Nevertheless, subjects facing SFC investigations must not misread this as being reasonable in all contexts. As the judgment points out, unlike in s. 181, the SFO expressly states that privilege against self-incrimination is not an excuse where the SFC requests information under s. 179 (production of records and documents) and s. 183 (information relevant to investigations). In those situations, a person must answer the SFC. Although that person may still claim privilege against self-incrimination, this claim only prevents that compelled answer from being used against the person in a criminal proceeding. It is not a right to remain silent—this means there is testimony which may potentially be shared with foreign authorities.
2. Expect the SFC to Meet its Secrecy Obligations, but Prepare for Potential Leaks Abroad.
Consistent with ss. 186 and 378 of the SFO, the SFC can disclose information to overseas regulators under certain conditions, including a statutory obligation of ensuring secrecy of its investigations. The Applicant in AA argued that the SFC failed to take reasonable steps to ensure the foreign regulators with whom it was sharing information complied with these secrecy obligations, as partly evidenced by information leaking to foreign media in that case.
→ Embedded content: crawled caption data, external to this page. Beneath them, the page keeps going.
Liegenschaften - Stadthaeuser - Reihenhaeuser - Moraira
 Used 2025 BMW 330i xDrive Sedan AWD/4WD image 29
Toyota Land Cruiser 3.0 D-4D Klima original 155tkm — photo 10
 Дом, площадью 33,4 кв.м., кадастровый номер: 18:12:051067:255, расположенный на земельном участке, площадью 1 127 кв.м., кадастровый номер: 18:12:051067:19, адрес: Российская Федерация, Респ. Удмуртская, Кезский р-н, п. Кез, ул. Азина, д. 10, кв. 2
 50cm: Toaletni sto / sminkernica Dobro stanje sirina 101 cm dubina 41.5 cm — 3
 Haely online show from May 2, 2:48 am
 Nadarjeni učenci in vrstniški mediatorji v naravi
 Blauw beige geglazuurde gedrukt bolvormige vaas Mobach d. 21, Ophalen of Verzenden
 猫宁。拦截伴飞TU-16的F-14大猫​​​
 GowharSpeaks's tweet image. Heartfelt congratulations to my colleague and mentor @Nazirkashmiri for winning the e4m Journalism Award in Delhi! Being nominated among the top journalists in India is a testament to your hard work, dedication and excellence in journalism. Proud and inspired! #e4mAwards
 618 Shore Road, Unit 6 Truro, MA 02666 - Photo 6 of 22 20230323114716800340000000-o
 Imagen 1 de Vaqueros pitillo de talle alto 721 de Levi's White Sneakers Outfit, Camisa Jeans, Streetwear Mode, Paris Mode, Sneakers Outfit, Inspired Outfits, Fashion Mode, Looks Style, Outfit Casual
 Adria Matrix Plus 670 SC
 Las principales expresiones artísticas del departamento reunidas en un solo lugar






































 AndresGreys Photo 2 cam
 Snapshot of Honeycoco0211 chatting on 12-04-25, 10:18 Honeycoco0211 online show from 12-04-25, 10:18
The AA judgment, however, found that the SFC a) took secrecy seriously; b) constantly reminded its overseas counterparts of the confidentiality of the provided information; and c) received assurances that the counterparts would not circulate the information to third parties without the SFC’s consent.
There are two lessons here: First, based on AA, the SFC’s obligation to ensure secrecy is serious but it can often meet the obligation without difficulty through reminders and assurances appropriate for the circumstances. Second, there is a risk that overseas regulators—who are outside the SFC’s practical control—may lack the same appreciation of, or approach to, information security, even when intending to act in good faith.
A global defence strategy must therefore account for the worst-case scenario of information leakage causing both legal prejudice and harm to business and/or reputation.
3. Foreign Criminal Exposure Remains a Risk Despite SFO Protections.
Before the SFC can share information secured under ss. 179 or 183 with foreign authorities, it must meet another condition: if the information provider made a claim of privilege against self-incrimination, then the SFC shall not provide the information to a foreign authority for use in criminal proceedings against that person in that foreign jurisdiction.
Applying the standard in Koon Wing Yee v Insider Dealing Tribunal (2008) 11 HKCFAR 170, the AA judgment confirmed the evaluative factors the court uses to determine whether foreign proceedings are criminal in this context: the a) classification of the offence under domestic law; b) nature of the offence; and c) nature and severity of the potential sanction. On this last point, the AA judgment found the significant financial penalties involved in that matter to be a disgorgement of illicit profits—rather than a punitive or deterrent fine—which made those foreign proceedings civil, rather than criminal in nature.
This highlights that sometimes the difference between civil and criminal matters can be a matter of interpretation. Consequently, overseas criminal exposure derived from cross-border information sharing remains despite the ostensible SFO protections against it, subject to applicable foreign laws and rights.
Persons facing SFC investigations or other information requests should prudently prepare for how foreign governments may use the information that person provides to the SFC in a way that creates greater global liability. Preparing a multijurisdictional defence strategy at an early stage can maximise the chances of a successful outcome across borders.